Plan in advance. Think about it during day. Make a plan, What time are you going to go
for walk or run same as if you are going out on date or something. hm…I made it
sound weird but it’s true if are not mentally ready it will not happen.
I hate running on treadmill or on track although treadmill is a perfect alternative for shitty
weather. Treadmill can be super boring, especially if you are a beginner and stuck in basement.
Try to go for different route each time. This will help you to forget your pain while running.
I also suggest you to go where other people are running. This will boost your ego and motivate
you. But overall “Run, wherever and whenever you can, inside or out,”
When you start running, don’t plan to go too far or too fast right away. This is not a
hamburger eating competition. It requires experience, physical and mental strength and
ability and If you go hard out you will get injured and discourage. Eventually you will
not go ever again. Start with 20-25 min a day and Try 3 -4 times a weeks, see how sore
do you get. Don’t compare yourself with other runner. When you’re a beginner, it’s
not necessary to worry about how many miles you are running. Number of Minutes are more
important than miles and You will burn more fat by slow longer run!

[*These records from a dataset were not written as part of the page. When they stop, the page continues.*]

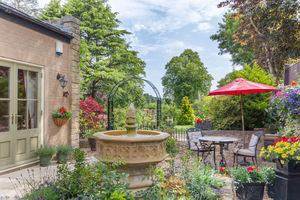 Photo 28- click for photo gallery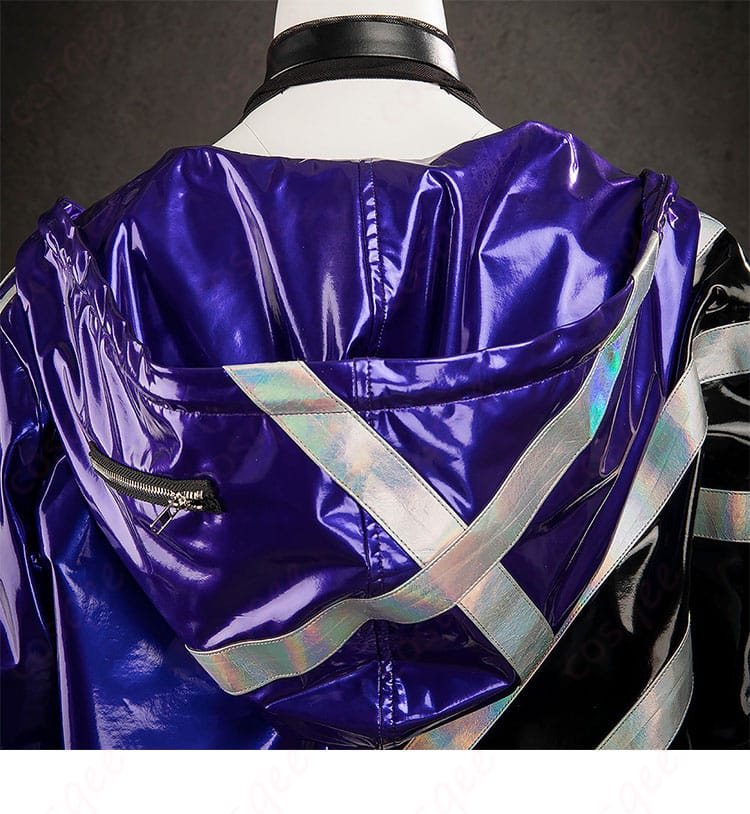 鉄拳8 麗奈(Reina)コスプレ衣装の背面衣帽装飾細部画像。キャラクターの特徴が際立ちます。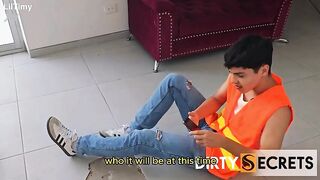 Hago las reparaciones y me follo por el culo a la dueña latina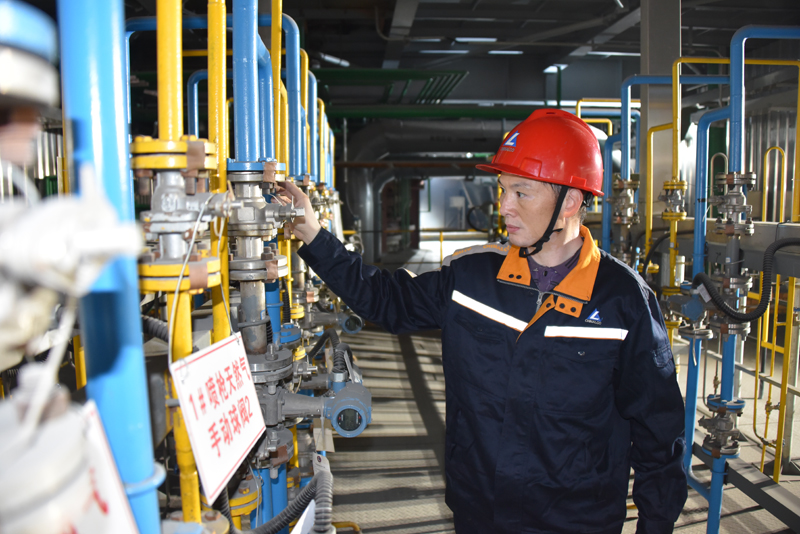 全国劳动模范徐成东：百“炼”成才铸就匠心(图2)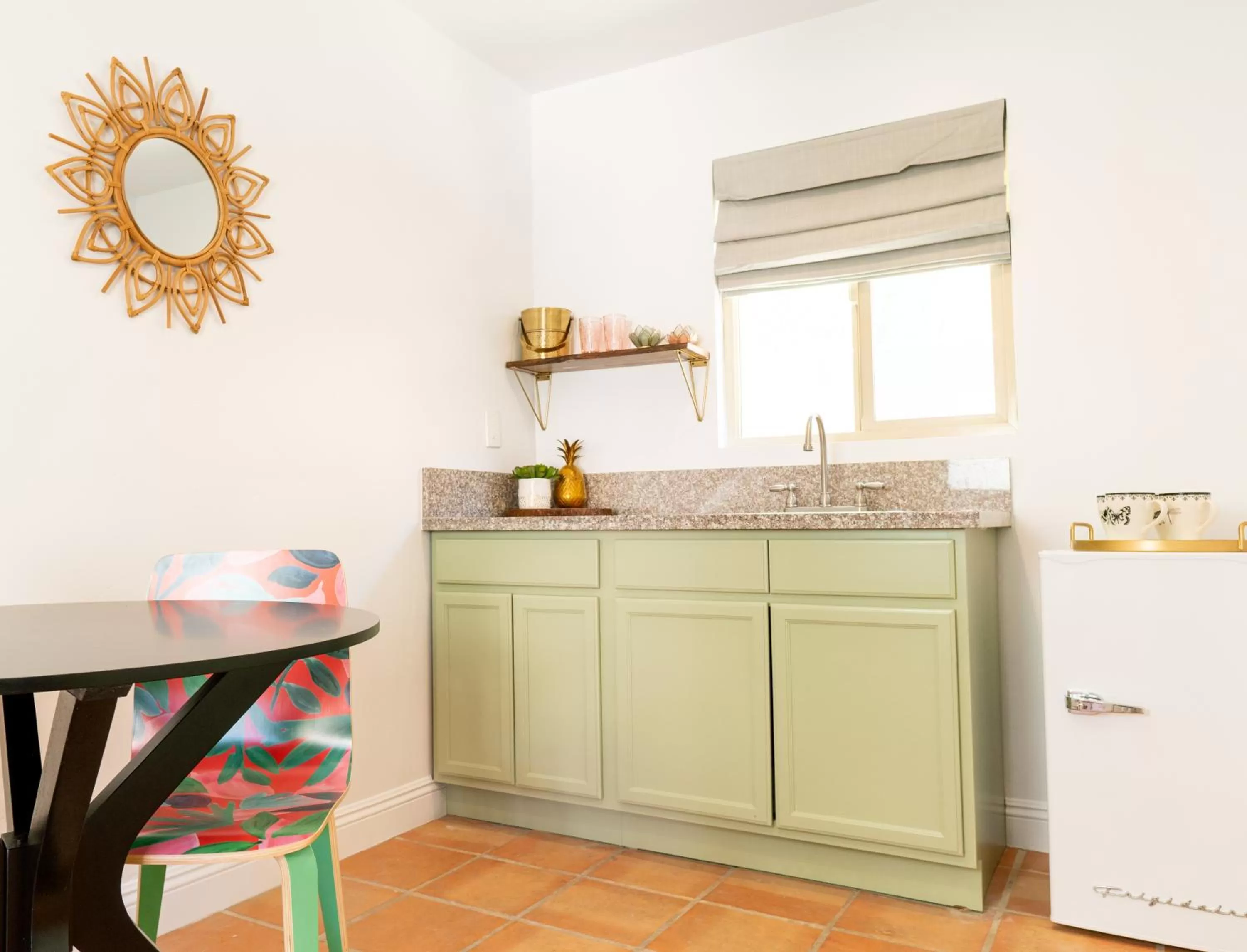 Dining area in Fleur Noire Hotel - 21 and Over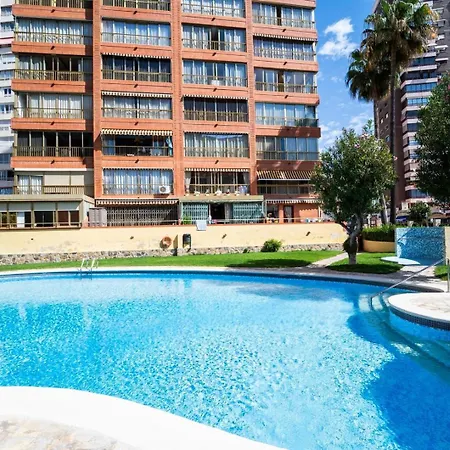 Stylish Seaview With Pool Access Apartment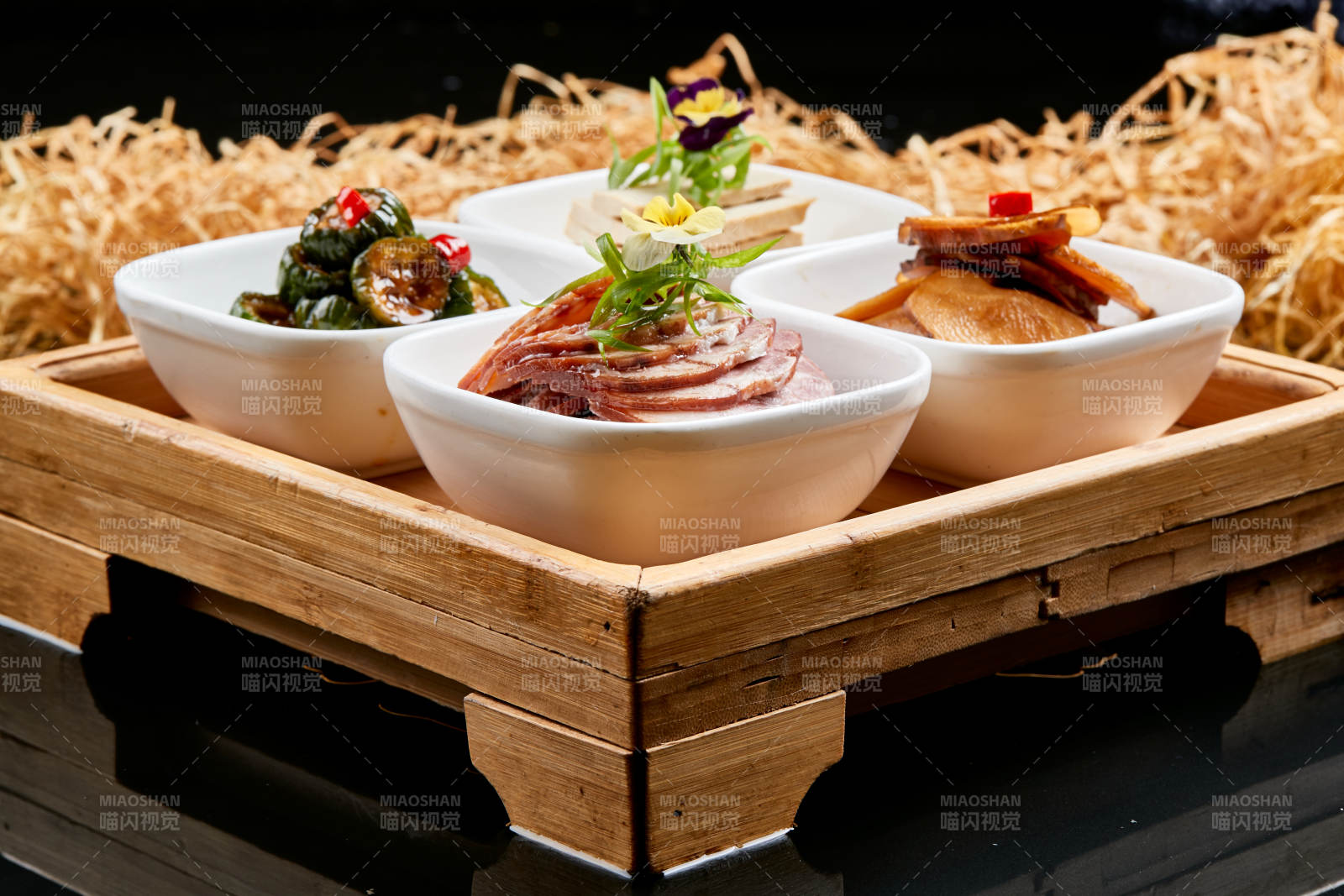 木质方桌摆放的农家四碗香图片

Start with run/walks. As a beginner your target will be to reach 30 minutes of continuous
injury free relax running. If you have no running experience, follow 3:1
ratio. That means walk for 3 minute and run for 1 min. As you get comfortable with running
your cardio will get better you can reduce that ratio to 2:1 and 1:1 and then eventually 0:1
that means only running. No walking at all ! Running Gears: Good pairs of running shoes
are extremely important. . As I always say that take care of your body as it’ your
most expensive car, Ferrari, Lamborghini or whatever the thing that you like most in entire
world. . Do a preventive maintenance rather then a breakdown maintenance, Buy shoes as
you are buying nice RIMS for your car. I mean spend time for research and read reviews
before buying shoes. Don’t go overboard, but you got to have good pair of shoes because you
are going to burn some Fat. What to eat?
It is simple logic. smaller the car it burns lesser gas. I am 139 lbs and I burn about
700 Kcal per hour of running and if you are heavier you will burn more calories. In general
when you will burn about 3500 kcal you will lose one lbs of your bodyfat. So try to control
your calories intakes and don’t overload yourself with food, otherwise you will not
see any results. And it will discourge you and eventually you end up on that couch again.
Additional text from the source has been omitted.